Conhecemo-nos na faculdade, há mais de três décadas, e continuámos a encontrar-nos ocasionalmente para, como costumamos dizer entre nós, pôr a escrita em dia.
Manteve sempre aquele ar brejeiro, mesmo depois das rugas terem feito o inevitável aparecimento. Anteontem, num dos nossos encontros regulares num café do Chiado, achei-a estranha, de rosto crispado, os nervos à flor da pele.


Não aguento, percebes? Não aguento. Isto vai contra tudo o que eu sou, contra os meus princípios, a minha prática de vida. MENTIU-ME! A mim, que sempre lhe contei tudo, todos os detalhes, as minhas histórias mais íntimas...Pu-la sempre a par de tudo!
Tu sabes que eu sou uma pessoa límpida, a minha vida é um livro aberto.
Mas a sacana guardou este segredo a vida inteira e, ainda por cima, eu vim a saber de tudo por vias e travessas. Não aguento, não aguento!

Referia-se à melhor amiga com quem partilhava tudo desde a meninice. Casaram no mesmo dia, porque “era giro duas noivas amigas fazerem a festa em conjunto”. As famílias passam férias juntas e juntas vão as duas ao cabeleireiro, ao cinema, ao restaurante. Cresceram juntas e vão envelhecendo a par. Na posse da vida uma da outra. Livros abertos, uma para a outra. E eis senão quando uma descobre que a outra guardou para si só uma página da sua vida, não a confessou como faz com tudo o resto, por razões que em verdade só a ela dizem respeito.
A minha antiga colega de faculdade continuou o seu discurso entre irada e ressentida, enquanto ia mastigando nervosamente pedacinhos de croissant e deixava no ar a crescente ameaça de pôr fim a um relacionamento de meio século.
Lá lhe fui dizendo, sem muito sucesso, umas quantas coisas: que se acalmasse, que tentasse ver as coisas doutro ângulo, que guardar para nós mesmos o que se sente ser só nosso não é mentir. Omissão, quando muito. E coisas do género.
Em vão, persistiram as sombras do ressentimento. Acabei por me afastar interiormente, a partir de certo momento como que deixei de a ouvir, tão ilegítima me aparecia a sua reacção.
Sempre me incomodou esta atitude nas pessoas. E há tantas que reagem assim! Dir-se-ia que precisam de estar na posse do próprio respirar de quem lhes é íntimo para se sentirem seguros nessa mesma intimidade. O recíproco também é verdadeiro.
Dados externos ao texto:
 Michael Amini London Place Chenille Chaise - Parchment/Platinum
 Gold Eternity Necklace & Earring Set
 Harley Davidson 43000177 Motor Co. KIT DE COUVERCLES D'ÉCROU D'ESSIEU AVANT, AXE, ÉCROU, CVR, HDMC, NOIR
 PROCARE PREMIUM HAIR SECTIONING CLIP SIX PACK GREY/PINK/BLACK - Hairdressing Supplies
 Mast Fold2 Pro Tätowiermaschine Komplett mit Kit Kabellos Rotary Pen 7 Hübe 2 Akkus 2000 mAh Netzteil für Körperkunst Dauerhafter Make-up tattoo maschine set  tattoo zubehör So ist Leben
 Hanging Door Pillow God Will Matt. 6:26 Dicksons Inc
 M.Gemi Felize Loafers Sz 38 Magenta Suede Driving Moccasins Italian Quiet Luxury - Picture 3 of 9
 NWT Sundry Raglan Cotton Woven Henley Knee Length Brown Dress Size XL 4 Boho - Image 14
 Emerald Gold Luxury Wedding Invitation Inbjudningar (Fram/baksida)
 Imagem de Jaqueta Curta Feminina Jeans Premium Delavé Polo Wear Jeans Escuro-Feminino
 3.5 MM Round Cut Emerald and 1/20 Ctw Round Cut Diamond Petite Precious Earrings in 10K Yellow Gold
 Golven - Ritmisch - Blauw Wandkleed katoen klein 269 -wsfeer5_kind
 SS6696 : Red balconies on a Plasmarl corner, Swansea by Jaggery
Para a maioria da humanidade, é indispensável contar a alguém, revelar o que lhes vai na alma para se livrarem do peso, muitas vezes da angústia. E a roda da via segue, no controle compulsivo uns dos outros.
Não sinto assim. E, consequentemente, não faço nem deixo que me façam assim. Respeito em demasia o espaço interior dos outros e galgar a vedação protectora dos seus segredos não me motiva.

Se o falarmos voluntariamente com alguém sobre assuntos íntimos nos pode trazer, por momentos, algum alívio (e mais tarde, em certos casos, muitas complicações, pois a maioria das pessoas não está preparada para receber com respeito os nossos segredos), também é verdade que se formos capazes de, consciente e corajosamente, preservar do conhecimento de terceiros certas áreas interiores, o nosso poder pessoal e autonomia crescem.

Guardar a excelência do sagrado, viver com ela, aumenta a nossa própria excelência. E contribui de forma notável para a boa saúde da economia espiritual ao não “dar pérolas a porcos”.